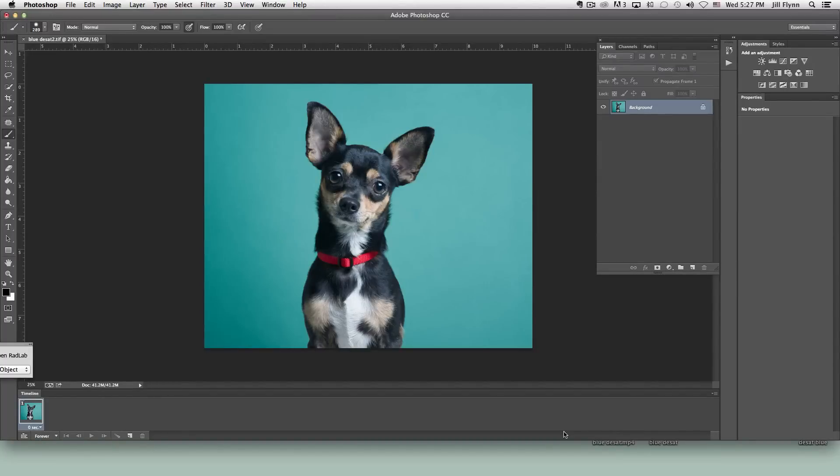Hi, I'm Jill Flynn and in this tutorial I'm going to show you how to use Photoshop to remove a bluish color cast from black fur.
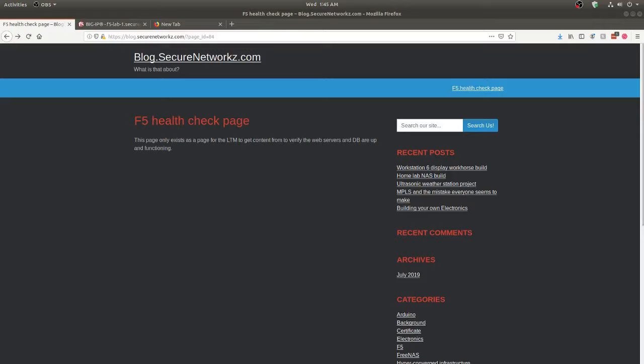Hey everybody and welcome to a quick demo on a health check page, talking about an LTM — whether it be an F5 or other device that's monitoring your network, commonly a load balancer or any other kind of device that's monitoring the back end. We'll take a quick talk about it and then go ahead and implement one.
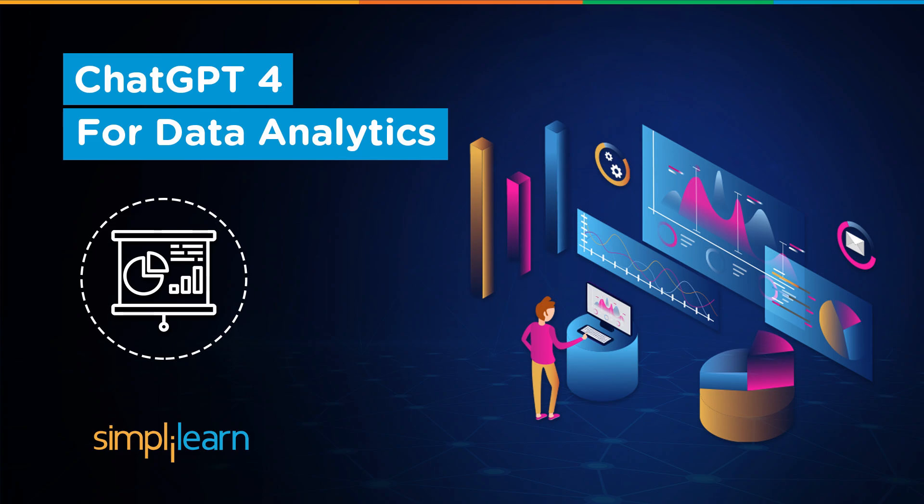Hey everyone, welcome to Simply Learn's YouTube channel. Today we will learn about ChatGPT for data analysis. That said, if these are the type of videos you'd like to watch, then hit that like and subscribe button and the bell icon to get notified.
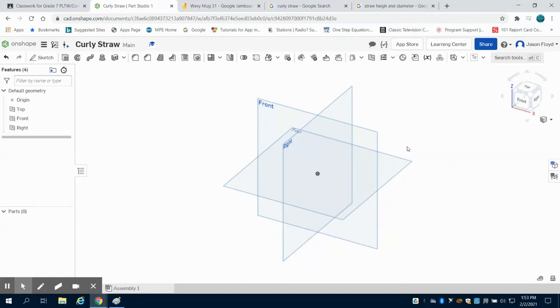In this video, I'm going to show you how to create a crazy or curly straw. The average straw is about 9.5 inches and 0.21 inches in diameter.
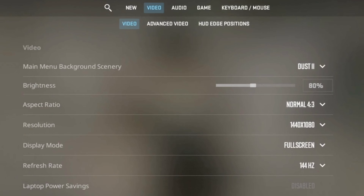Return to CS2, adjust your aspect ratio to 4x3, select your desired resolution, ensure the display mode is set to full screen, and choose the highest refresh rate available. Apply the changes. If you chose the aspect ratio setting in the NVIDIA Control Panel, you'll have black bars. If you opted for full screen, CS2 should now be in a 4x3 stretched format.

Directions for this task: Only the lines from the one containing "In this video, I'm" through the last line of the entries above should be copied, exactly as they are and without the pictures.

Response to this exercise:
In this video, I'm going to show you how to create a crazy or curly straw. The average straw is about 9.5 inches and 0.21 inches in diameter.
Return to CS2, adjust your aspect ratio to 4x3, select your desired resolution, ensure the display mode is set to full screen, and choose the highest refresh rate available. Apply the changes. If you chose the aspect ratio setting in the NVIDIA Control Panel, you'll have black bars. If you opted for full screen, CS2 should now be in a 4x3 stretched format.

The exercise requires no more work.